Abjectly "Caw" is about what Taslima does best: a bruising 'tell all' and it is not as if, this is the first time she has done it. Her previous offerings have been titillating tales of her apparently insatiable sexual `appetite'. It wont therefore be an unfair assessment to say that being `long and hard' at it, she has reached a nirvanical point in her career where terms like `slut' or `whore' lashed most rudely across her, are terms she has crossed the threshold of worry, and has probably learnt not to take too seriously at heart. No crusading warrior can or should get bogged down by terms that are meant only to shift the focus, but what is surprising is the Kolkata `duh-duh's who championed Taslima all along are the ones foul mouthing her the most today.

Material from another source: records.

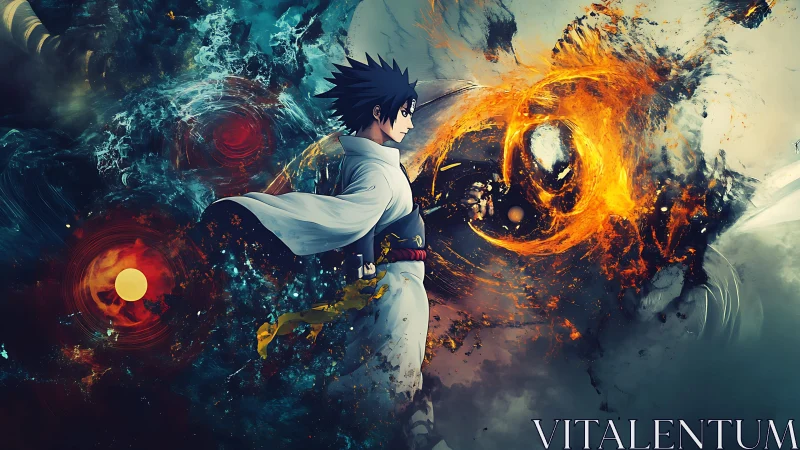 Storm-souled anime warrior walking through colliding cosmos.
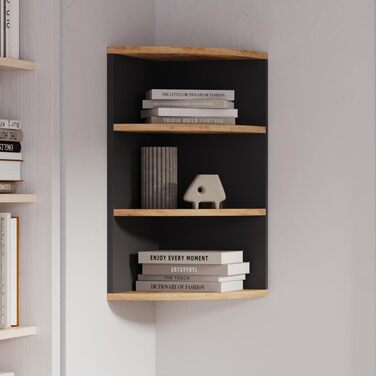 Кутова полиця Vicco Ecki, книжкова полиця, антрацит/золотий дуб, 30 x 60 см Антрацит/золотий дуб 60x30 см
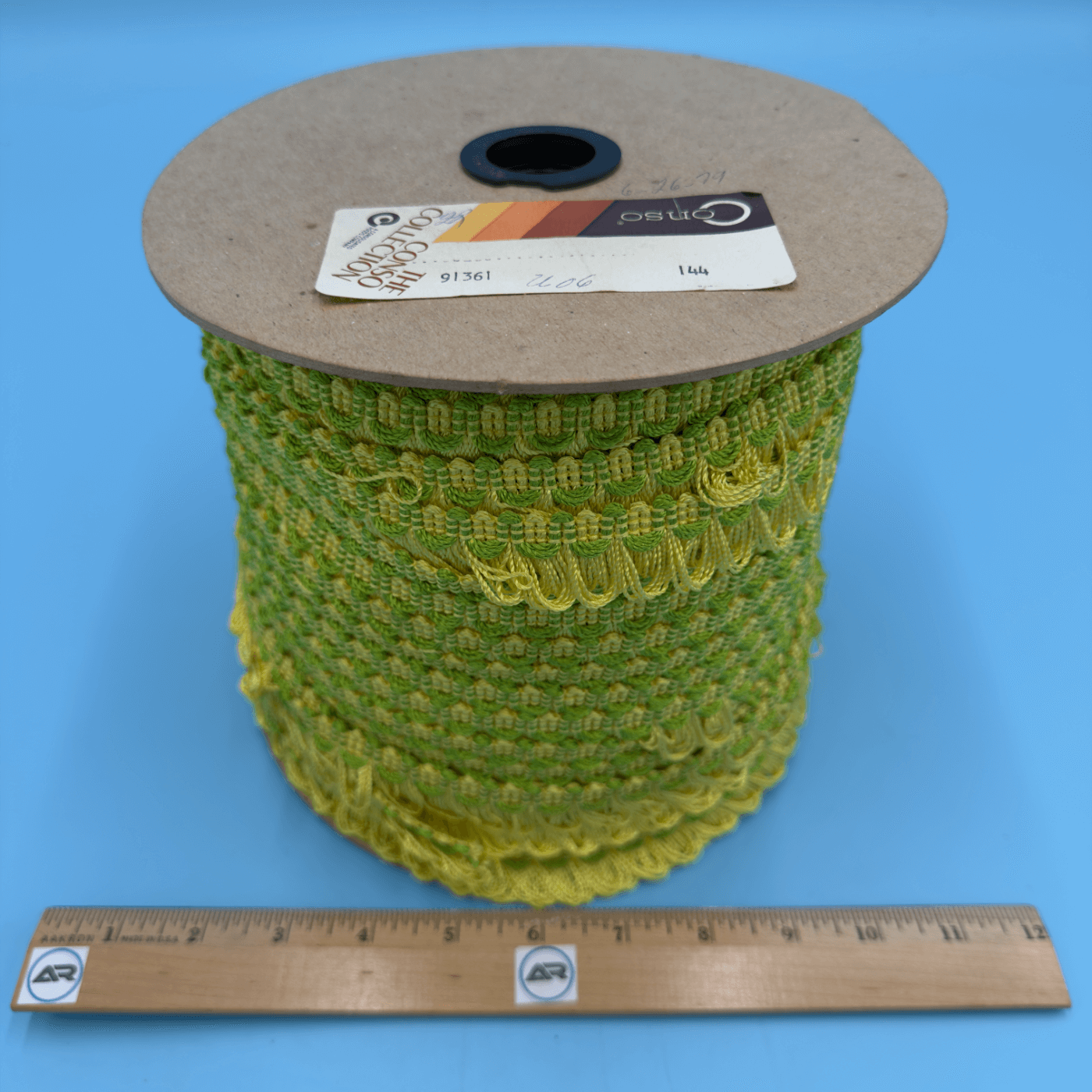 Conso Vintage 1" Loop Fringe Trim U06 Green/Yellow Roll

Some fall, but a perfectly desirable fall from favor!

A self proclaimed `Wasted Women', where she probably went wrong in "Caw", is a failure to realize that not many in Bangladesh's so-called egalitarian `civil society', the ones mercilessly brutalized this time around i.e. writers, thinkers, poets, pressmen, politicians and other good-for-nothings et al, while privately in agreement with her rights to free speech and actions as to `do' whatever she thinks fit to do with her body, are unwilling to make that fine transition of a PUBLIC stand to the whole gamut of sex and sexuality.

The pain, humiliation, hurt and feelings of betrayals, and the incessant hee-haw start rights here!

In all honesty, and in some perverse way Bangladesh's meandering journey into the realms of a `Global Thought Process' to charge the imagination of the most enlightened of our times have had sordid pitfalls. "Caw"' is unprecedented, because it goes beyond what may be termed bad precedence. It is a glove-off, knuckles bared, hell hath no fury than a women scorned, demolition derby. It signals a wake-up call, that a new generation of men and women will provoke and whiplash society, ask uneasy questions, and will gore no-holds-barred, till such time we have gotten rid of a hypocritical and conceited bunch of shamans who masquerade as `image leaders, role models' while shamelessly beguiling themselves honorific of `conscience of the nation', `do-all-ers and know–all-ers', and the buck simply doesn't stop there.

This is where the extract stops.